Defining and winning the category

In SaaS, first-mover advantage matters, with over 75% of market cap going to the category leader. Better funding flows to these companies and customers flock to them.

“… issues dissipate once you are recognized as the category leader. Many customers will automatically order from the category leader once they understand themselves to have the problem that category solves.”

And so, the purpose of brand marketing should be to establish category leadership. In the case of:

  • New category, it means proving it actually exists

  • An existing category, it means reframing the category around your disruption

Sacks lays out the following steps for category dominance:

  • Define the category - In 2 to 4 words. No flowerly language. (Ie. “Cloud CRM” / “Sending Platform” / “Code-Driven Analytics”). The new category should underscore your differentiation.
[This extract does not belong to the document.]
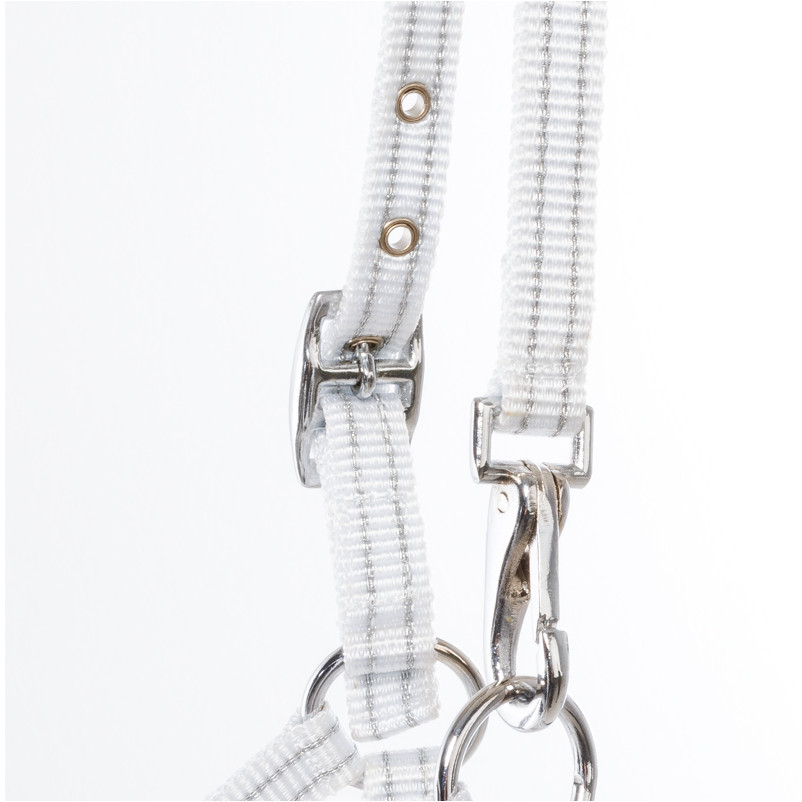 Fohlenhalfter weiß/silber Fohlenhalfter weiß/silber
  • Redefining a category - Better to redefine your category if you’re a niche player or challenger. Instead of Yammer trying to attach themselves to Gartner’s “Social Software in the Workplace” already dominated by Jive, they carved out a new category of “Enterprise Social Networking,” and stopped competing on Gartner’s terms. Getting customers to recognize your category is tantamount to winning, since to customers categories = problems to be solved.
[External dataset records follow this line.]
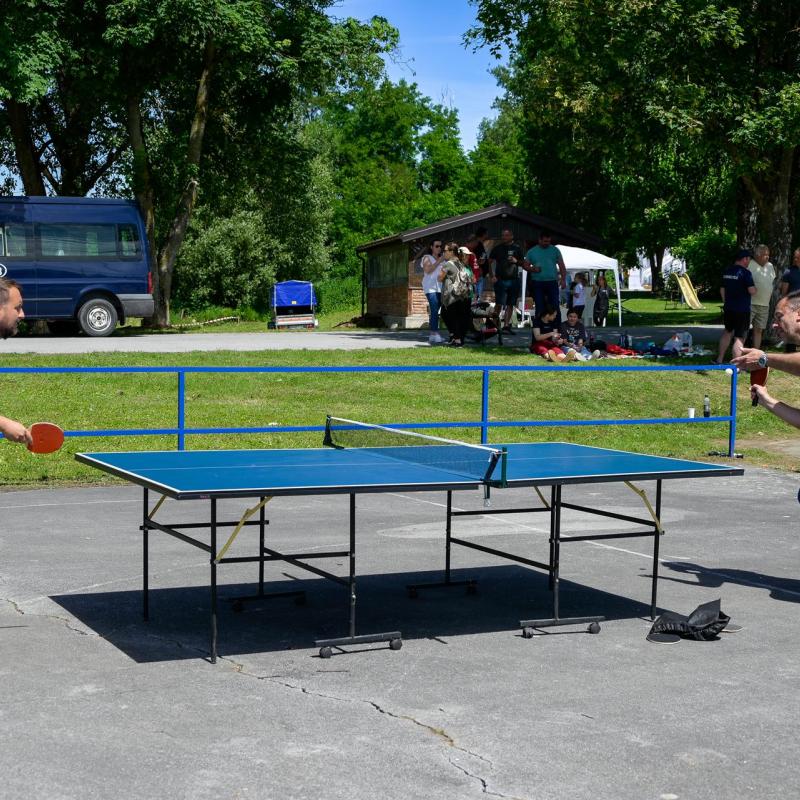 Dan sporta i Češke kulture 2026.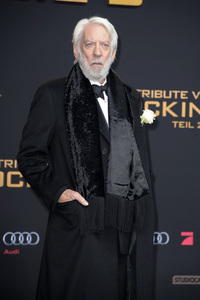 Filmpremiere 'Die Tribute von Panem - Mockingjay: Teil 2' in Berlin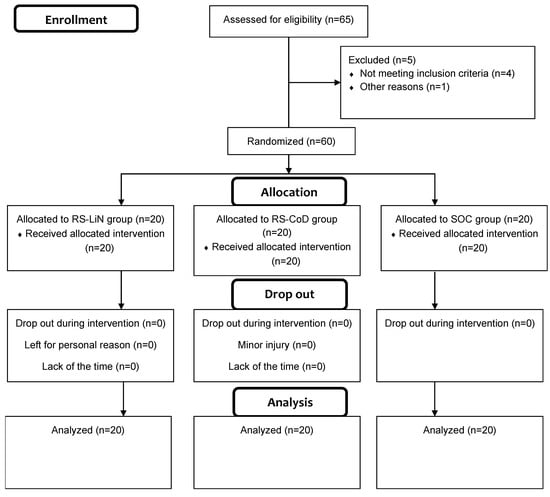 Flow chart diagram of participants’ enrolment, randomization and final analysis.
  • Customer proof - Prospective customers will be skeptical. Use existing customer success stories to validate the category you seek to dominate.
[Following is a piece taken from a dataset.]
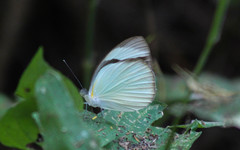 Itaballia demophile centralis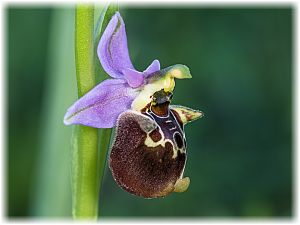 Ophrys episcopalis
  • Position & deposition - Once you have created a category you can continually define and redefine to position your company as the leader and deposition your competitors.

  • Welcome competition from big companies - If big players want in on your category and position themselves against you, it means you’re the leader.

PUT THE customer problem at the core of building brand

The customer problem is the atomic nucleus of brand building. It’s where the energy is stored, and unleashing it will power all of your marketing efforts

In Sack’s framework, the customer problem should drive the mission; it should determine your larger cause; it should determine the category you seek to dominate. Once those strategic elements are in place, customers are the atomic fuel (to keep this metaphor going) that power your tactics, from events to community, to marketing with ongoing customer testimonials.

The stay grounded advice is important while developing brand, as companies tend to go hard in one of two wrong directions. They either adopt an overly lofty brand purpose that doesn’t speak to the true customer pain (cliches about changing the world) or they can’t seem to get their head out of the product and its features to understand the more important change they are driving.

Many companies have been successful without having a well-defined brand strategy. But in winner-take-all markets rife with creative destruction like technology — where you are always on the verge of being disrupted and overtaken by new entrants — crafting a powerful brand story that earns you category domination is your competitive advantage.